--- Data to process Enclosed Below ---
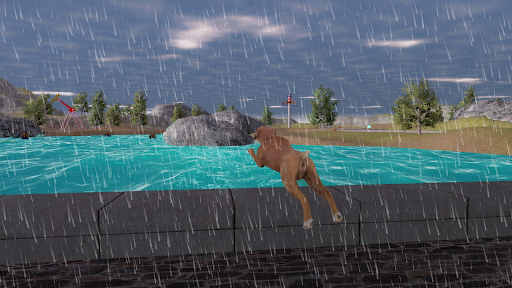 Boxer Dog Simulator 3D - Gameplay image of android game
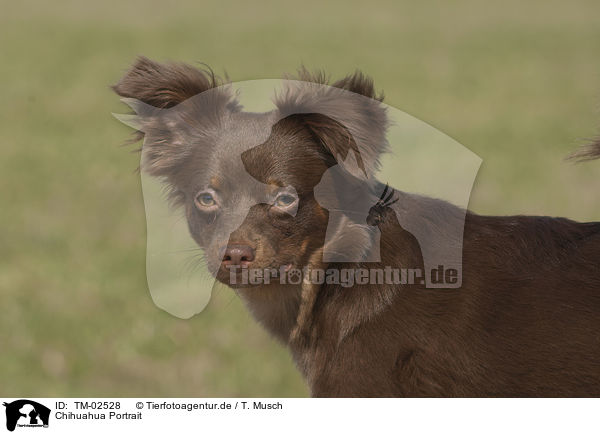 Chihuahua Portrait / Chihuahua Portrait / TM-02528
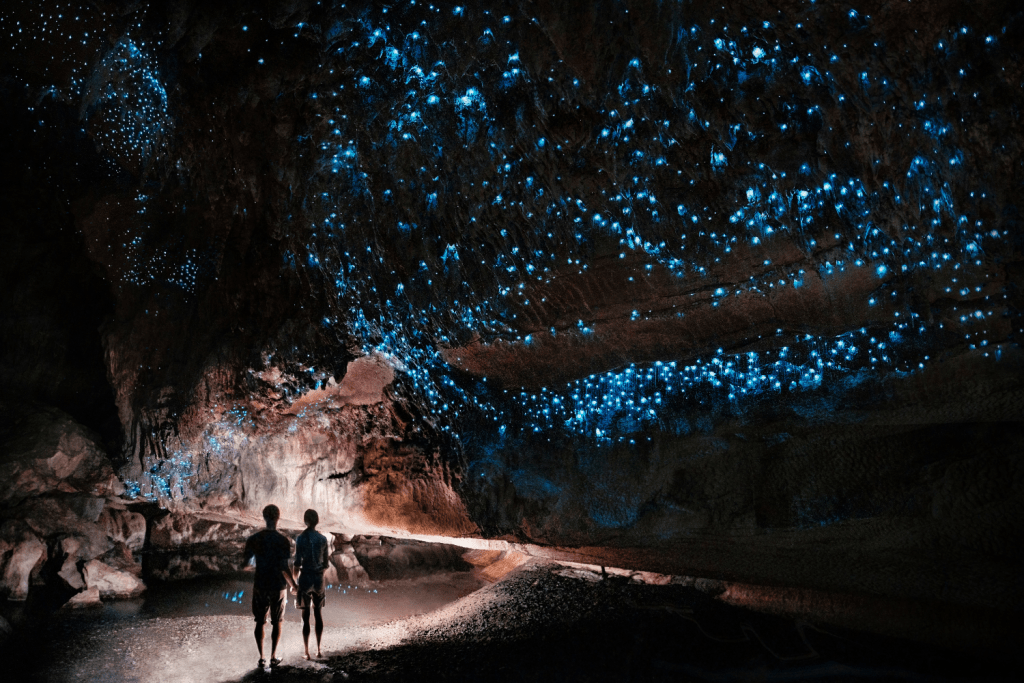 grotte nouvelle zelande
--- End of Enclosed Data to process ---
--- Data to process Enclosed Below ---
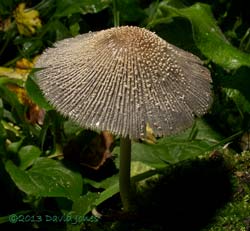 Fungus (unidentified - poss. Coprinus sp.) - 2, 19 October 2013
--- End of Enclosed Data to process ---
◆ Your task
Reproduce the listing above only between the lines holding "Boxer Dog Simulator" and "grotte nouvelle zelande", inclusive. Every line must match exactly, and pictures are dropped.

◆ Task solution
 Boxer Dog Simulator 3D - Gameplay image of android game
 Chihuahua Portrait / Chihuahua Portrait / TM-02528
 grotte nouvelle zelande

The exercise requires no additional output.